Section 3. Failure to Pledge Collateral. In the event that the Fund
shall fail (a) to pay the Advance Obligation described in such Written Notice,
(b) to deliver to the Custodian a Pledge Certificate pursuant to Section 2, or
(c) to identify substitute securities pursuant to Section 6 upon the sale or
maturity of any securities identified as Collateral, the Custodian may, by
Written Notice to the Fund, specify Collateral which shall secure the applicable
Advance Obligation. The Fund hereby pledges, assigns and grants to the Custodian
a first priority security interest in any and all Collateral specified in such
Written Notice; provided that such pledge, assignment and grant of security
shall be deemed to be effective only upon receipt by the Fund of such Written
Notice, and provided further that if the Custodian specifies Collateral in which
a first priority security interest has already been granted, the security
interest pledged, assigned and granted hereunder shall be a security interest
that is not a first priority security interest.

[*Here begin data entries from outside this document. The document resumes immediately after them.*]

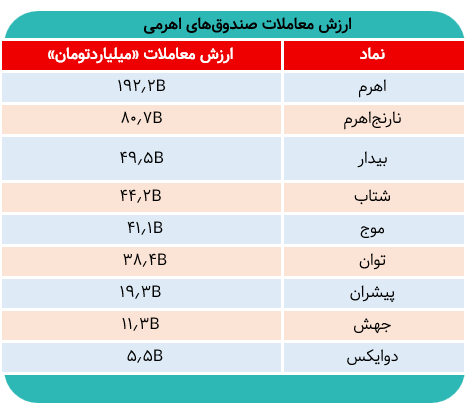 روز سبز صندوقهای اهرمی/ ورود ۸۱ میلیارد نقدینگی به اهرمیها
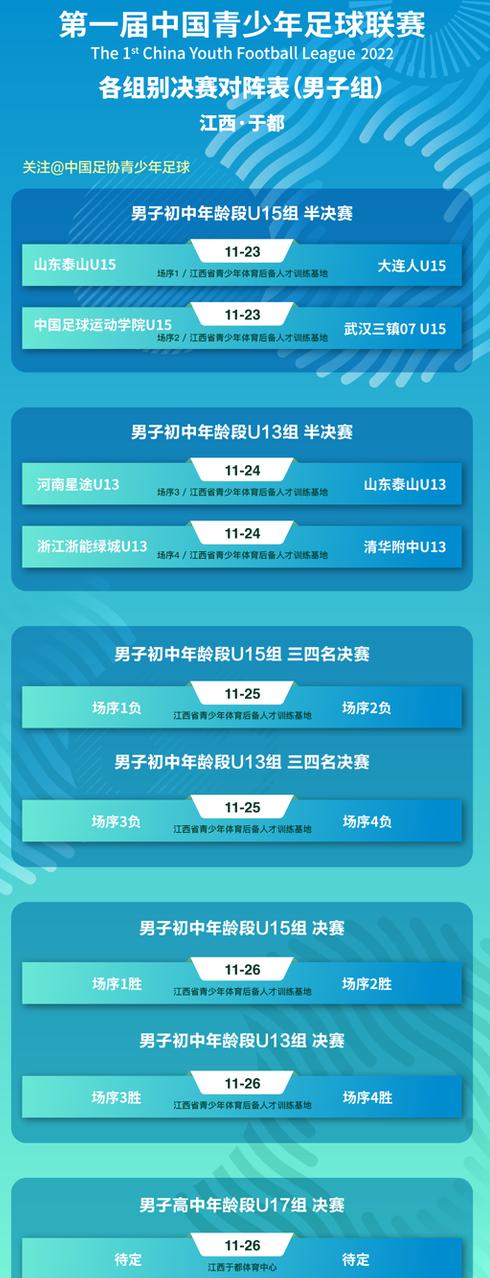 2023中国青少年足球联赛赛程u15冠军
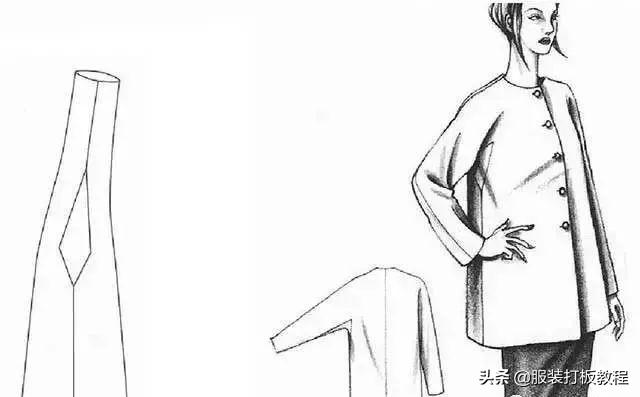 服装袖型设计的原理与技巧,男装两片袖的制图方法有几种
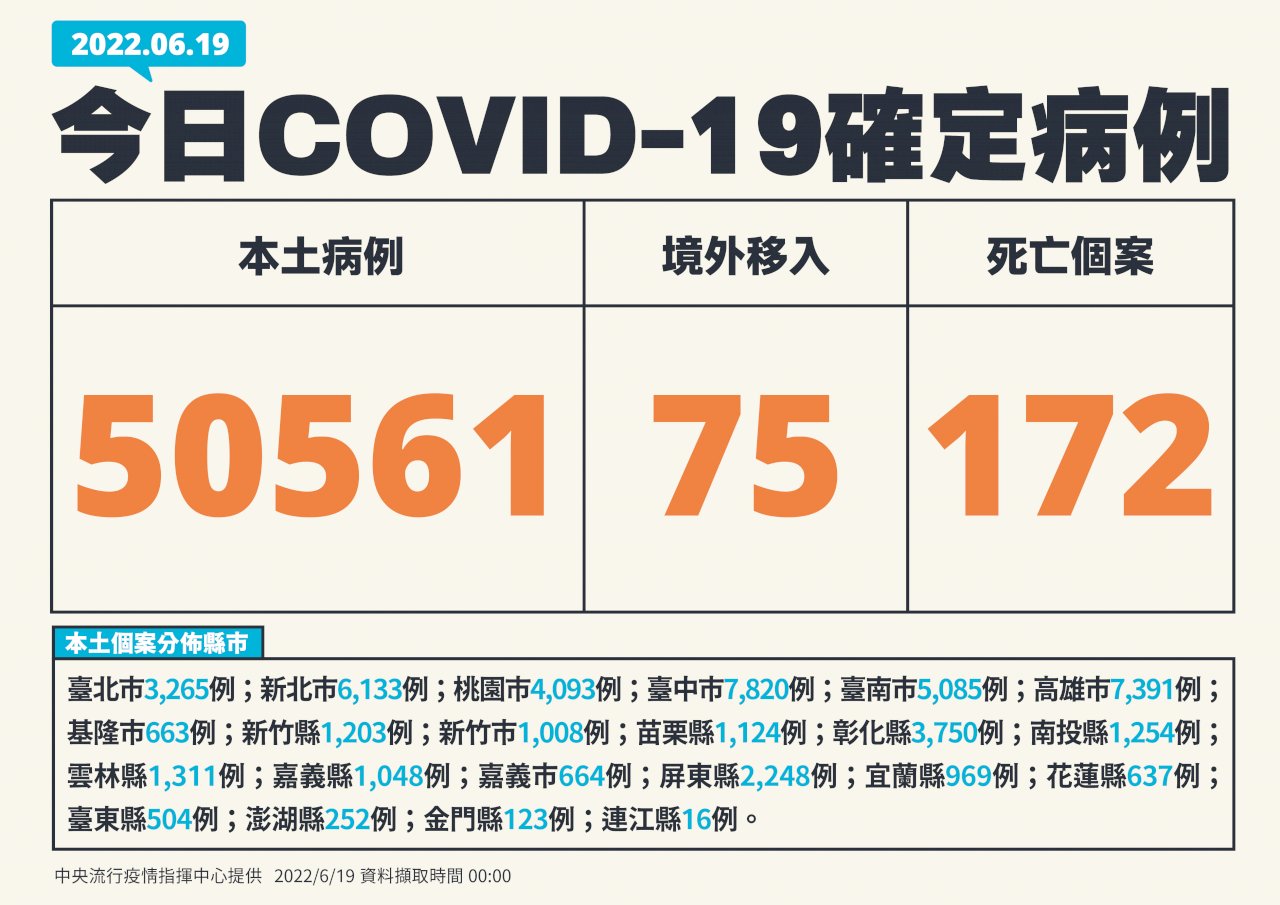 今增50561例本土病例 172死、285例中重症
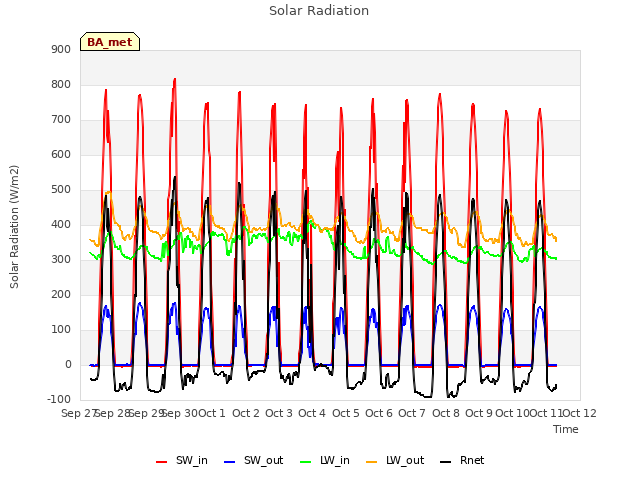 plot of Solar Radiation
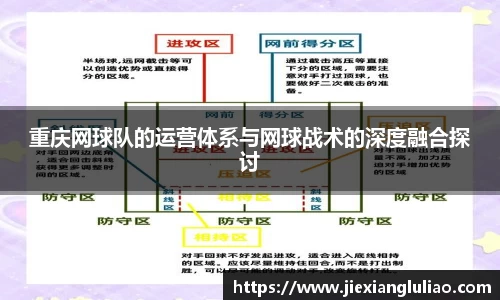 重庆网球队的运营体系与网球战术的深度融合探讨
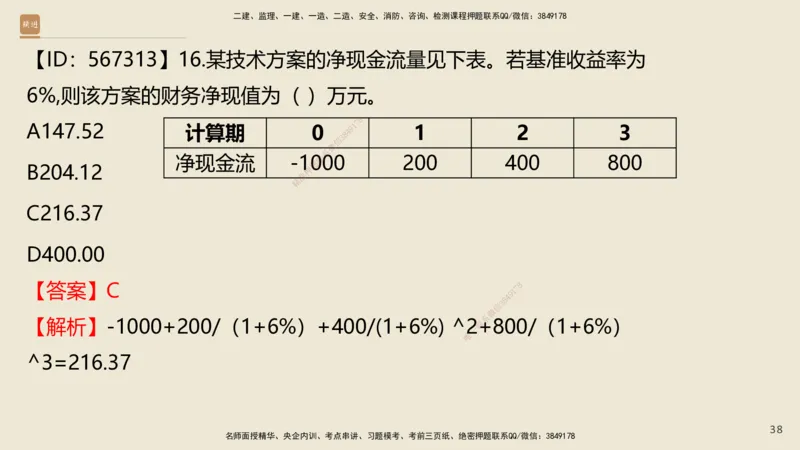 01.2025王晓波-精考速通-经济1_2026年一级建造师_2026年一建经济_2025年一建经济SVIP_02-基础精讲✿高端面授✿深度强化_20-经济《精考速通直播》王晓波HX_讲义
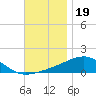 Allanton tide chart for Wednesday, November 19, 2025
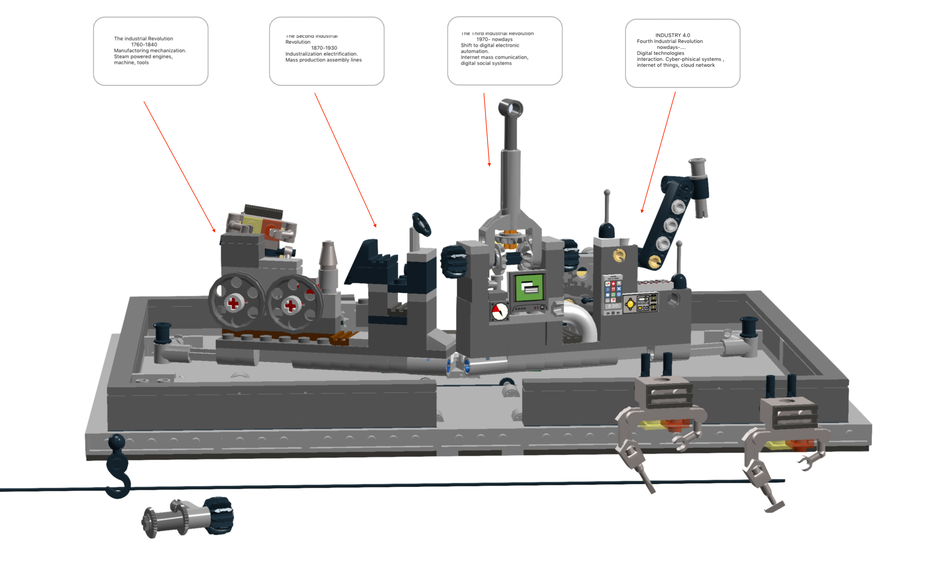 LEGO IDEAS Create a Bricktastic Pop Up Story The Industrial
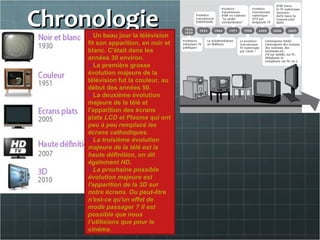ChronologieChronologieUn beau jour la télévision
fit son apparition, en noir et
blanc. C'était dans les
années 30 environ.
La première grosse
évolution majeure de la
télévision fut la couleur, au
début des années 50.
La deuxième évolution
majeure de la télé et
l'apparition des écrans
plats LCD et Plasma qui ont
peu à peu remplacé les
écrans cathodiques.
La troisième évolution
majeure de la télé est la
haute définition, on dit
également HD.
La prochaine possible
évolution majeure est
l'apparition de la 3D sur
notre écrans. Ou peut-être
n'est-ce qu'un effet de
mode passager ? Il est
possible que nous
l’utilisions que pour le
cinéma.
 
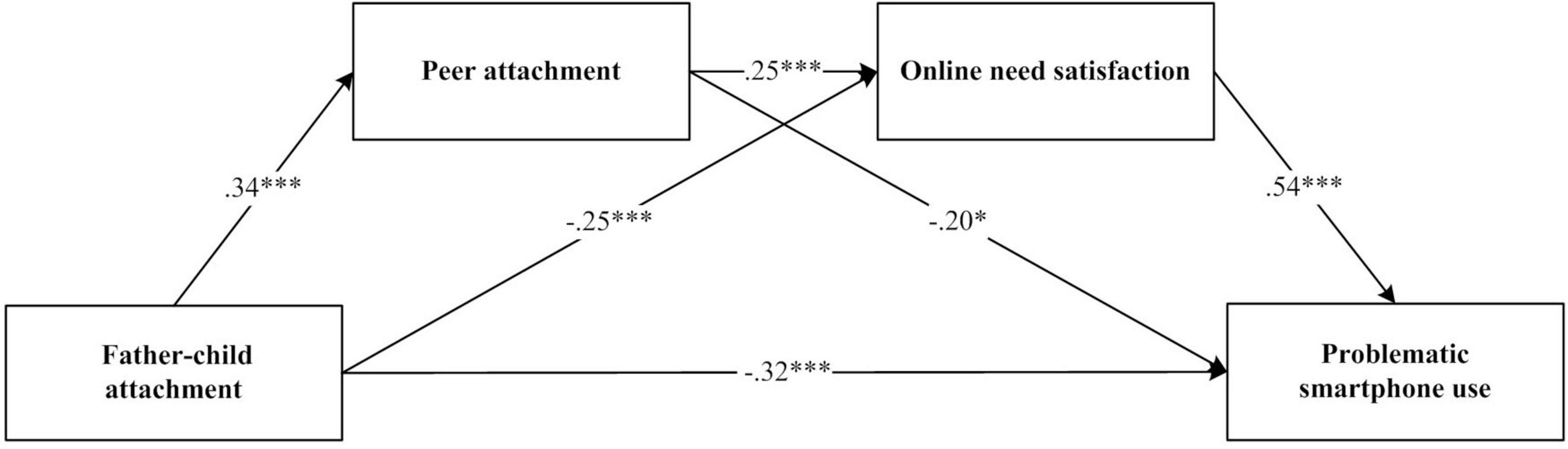 Path model diagram showing relationships between variables. Father-child attachment leads to peer attachment (.34), which influences online need satisfaction (.25) and problematic smartphone use (-.25). Online need satisfaction directly affects problematic smartphone use (.54). Father-child attachment also directly impacts problematic smartphone use (-.32). Arrows indicate direction, with significance levels marked.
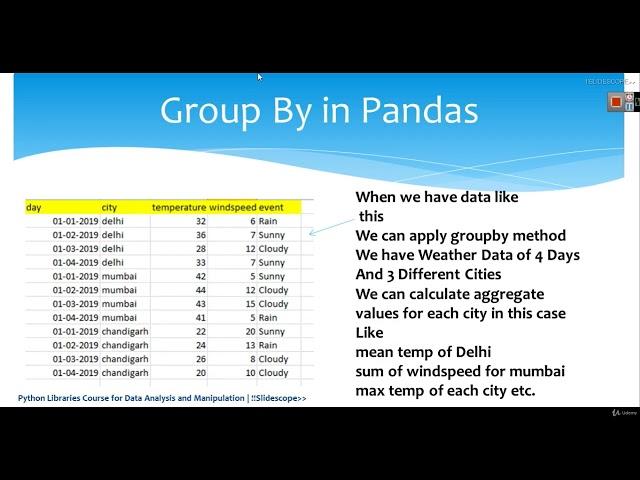 Groupby Function in Python Pandas sum, min, max, count with Group by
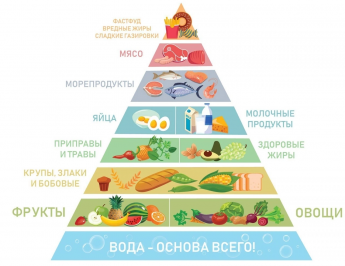 Как выстроить режим питания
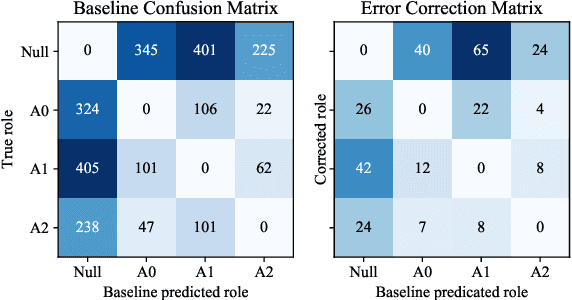 Figure 4 for Semantic Role Labeling with Iterative Structure Refinement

Section 4. Delivery of Additional Collateral. If at any time the
Custodian shall notify the Fund by Written Notice that the fair market value of
the Collateral securing any Advance Obligation is less than the amount of such
Advance Obligation, the Fund shall deliver to the Custodian, within one Business
Day following the Fund's receipt of such Written Notice, an additional Pledge
Certificate describing additional Collateral. If the Fund shall fail to deliver
such additional Pledge Certificate, the Custodian may specify Collateral which
shall secure the unsecured amount of the applicable Advance Obligation in
accordance with Section 3 of this Appendix A.
Section 5. Release of Collateral. Upon payment by the Fund of any
Advance Obligation secured by the pledge of Collateral, the Custodian shall
promptly deliver to the Fund a Release
32
Certificate pursuant to which the Custodian shall release Collateral from the
lien under the applicable Pledge Certificate or Written Notice pursuant to
Section 3 having a fair market value equal to the amount paid by the Fund on
account of such Advance Obligation. In addition, if at any time the Fund shall
notify the Custodian by Written Notice that the Fund desires that specified
Collateral be released and (a) that the fair market value of the Collateral
securing any Advance Obligation exceeds the amount of such Advance Obligation,
or (b) that the Fund has delivered a Pledge Certificate pursuant to Section 6
substituting Collateral in respect of such Advance Obligation, the Custodian
shall deliver to the Fund, within one Business Day following the Custodian's
receipt of such Written Notice, a Release Certificate relating to the Collateral
specified in such Written Notice.
Section 6. Substitution of Collateral. The Fund may substitute
securities for any securities identified as Collateral by delivery to the
Custodian of a Pledge Certificate executed by the Fund, indicating the
securities pledged as Collateral.
Section 7. Security for Fund Advance Obligations. The pledge of
Collateral by the Fund shall secure only Advance Obligations of the Fund. In no
event shall the pledge of Collateral by the Fund be deemed or considered to be
security for any other types of obligations of the Fund to the Custodian or for
the Advance Obligations or other types of obligations of any other fund.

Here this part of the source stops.